Le site ferroviaire de Montzen mis à la disposition du projet de télescope EinsteinParmi les retombées de l'implantation du télescope, on parle également des emplois créés. Ce besoin est-il chiffré ?
On parle en général de 34 000 années de travail. Ça représente grosso modo entre 1 200 et 1 500 emplois, que ce soit dans la phase de construction ou dans la phase de maintenance. Ce n'est pas que de grands cerveaux dont on a besoin mais aussi d'humains talentueux comme des ouvriers hautement qualifiés. Et de préférence une main-d'œuvre locale.

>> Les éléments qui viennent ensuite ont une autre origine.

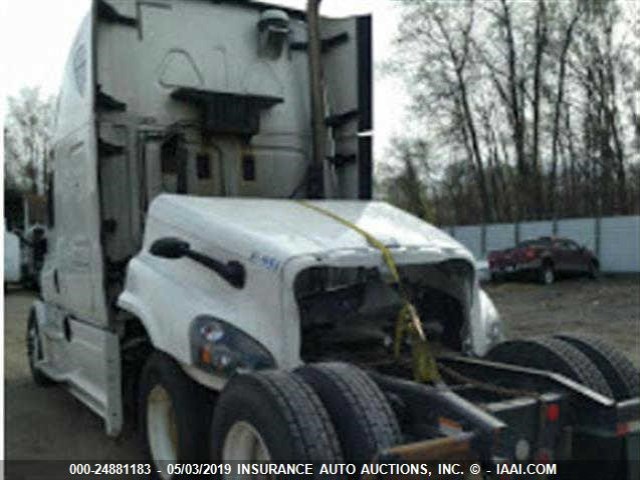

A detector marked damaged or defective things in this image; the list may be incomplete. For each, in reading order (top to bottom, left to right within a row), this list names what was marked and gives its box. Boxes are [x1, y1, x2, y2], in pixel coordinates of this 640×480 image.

damaged hood [146, 194, 476, 262]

Le projet a d'ailleurs été un levier pour rapprocher toutes les universités et les hautes écoles de l'Euregio Meuse-Rhin. Ces dernières viennent de signer, fin mai, un protocole pour renforcer la collaboration transfrontalière pour pouvoir développer des formations pour nos étudiants, mais aussi attirer des talents de l'extérieur. On a une opportunité, armons-nous maintenant de telle manière à ce que si ce n'est pas pour cela, cela servira pour autre chose. On en revient aux industries car si on développe notre tissu industriel grâce à ce projet scientifique de haut niveau, on pourra garder ces talents chez nous et éviter une fuite des cerveaux.
'Le fait de minimiser l'impact pour le citoyen, le paysage et l'environnement fait partie intégrante de la candidature"
Le télescope a souvent été brandi comme un joker pour éviter le retour de mines… Est-ce véridique ?
Oui car pour que notre territoire soit apte à recevoir le télescope Einstein, il faut avoir l'emplacement le plus calme possible avec le moins d'interférences possible. Si le projet se développe dans notre région, l'ouverture de mines y sera incompatible.
Et des projets éoliens ?
Pour le moment, les éoliennes ne sont pas compatibles avec le projet mais des recherches sont en cours au sein de l'université de Liège, notamment, pour voir s'il n'y a pas des solutions pour permettre leur développement car il ne s'agit pas de freiner le développement économique d'une région. Il faut le faire en bonne harmonie entre les différents acteurs.